Asimilándola con algunas de las monedas virtuales más populares, como Bitcoin o Ethereum, Facebook posiciona en cierta medida a su nueva criatura hasta que pueda ponerla en marcha, pero lo cierto es que son muchas más las cosas que las separan que las que las unen.

“Es un activo criptográfico, o eso se desprende de los documentos técnicos que han ido publicando, pero se diferencia del Ether o el Bitcoin en casi todo lo demás: está controlada por un grupo pequeño de empresas, respaldada por activos de bajo riesgo, todavía no se sabe exactamente para qué va a servir…”, enumera Carrascosa.

Además, no es anónima y no fluctúa libremente por oferta y demanda, sino que “es un stable coin, es decir, su valor estará respaldado por activos en una divisa dura, presumiblemente el dólar”, añade De la Torre.

Eso implica que el valor de Libra dependerá de los activos mantenidos en la reserva creada por los miembros de la Asociación y no de la dinámica de la oferta y la demanda, como sucede con Bitcoin.

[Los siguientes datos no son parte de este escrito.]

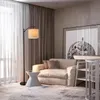 A cozy living room scene with a floor lamp, sofa, and artwork. Produktbild-Vorschau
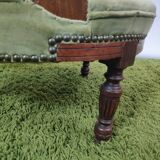 Old green velvet empire chair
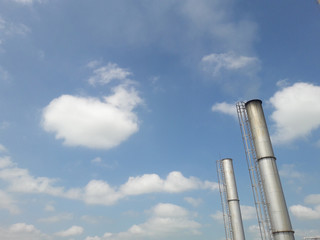 lower view boiler stack in power plant, air pollution concept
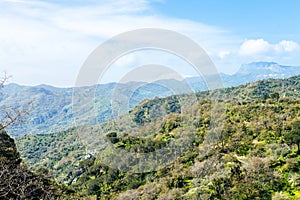 Green hills under blue sky in Sicily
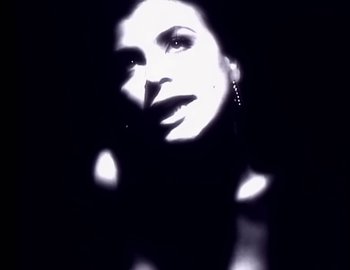 Movie still from “Paula Abdul - Straight Up” (1988), directed by David Fincher – Extreme Close Up shot, Low angle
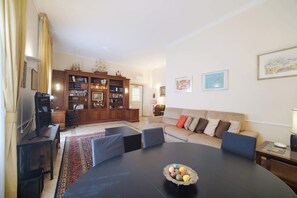 A living room with a round table, a sofa, a bookshelf, and a television.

Además, las divisas virtuales más populares están basadas en un red blockchain descentralizada, es decir, la propia red aprueba las transacciones, mientras que Libra es centralizada, por lo que es el consorcio quien valida cada transacción y, por tanto, quien tiene el control y el poder.

Aquí radica gran parte de la preocupación de los reguladores. Esta semana, David Marcus, director ejecutivo de Calibra y encargado de integración de Libra en los servicios de Facebook, compareció ante el comité de Banca, Vivienda y Asuntos Urbanos del Senado de EEUU para ofrecer más detalles del proyecto. Los senadores querían conocer en qué consiste Libra, para qué va a utilizarse o de qué manera se garantizará la seguridad de los usuarios, entre otros aspectos. Ninguno sabe en realidad cómo enfrentarse a este nuevo escenario.

David Marcus, en su comparecencia esta semana en el Senado de EEUU.AFP

Representantes de Facebook se han reunido recientemente con las autoridades regulatorias de varios países europeos para tantear el terreno. En España, el presidente de la Comisión Nacional del Mercado de Valores (CNMV), Sebastián Albella, confirmó el encuentro con una delegación de la compañía y aseguró en una entrevista para EL MUNDOque el objetivo era intercambiar posturas en una primera toma de contacto.

INCURSIÓN EN LA BANCA TRADICIONAL

El otro gran tentáculo del criptoproyecto de Facebook alcanza al negocio bancario tradicional. ¿Hay que vincular Libra con el desembarco de Facebook -y, en general, de las Big Tech(Facebook, Amazon, Apple y Google)- en ese sector? “Rotundamente sí”, sentencia Carrascosa. “Si analizas el Whitepaper de Libra, muchas de las afirmaciones hacen referencia a la inclusión financiera, que ha sido el leitmotiv en la industria de las criptomonedas, pero si uno se fija en el detalle aparecen conceptos como prestamos diarios, pagos sin fricción y otros que pueden sonar a que Facebook quiere ofrecer productos financieros sobre blockchain“, añade.

En el mercado, este es uno de los aspectos que más inquietud genera. Hace tiempo que las grandes tecnológicas están tanteando sus posibilidades, aunque las exigencias regulatorias y de solvencia a las que tendrían que enfrentarse actúan como freno.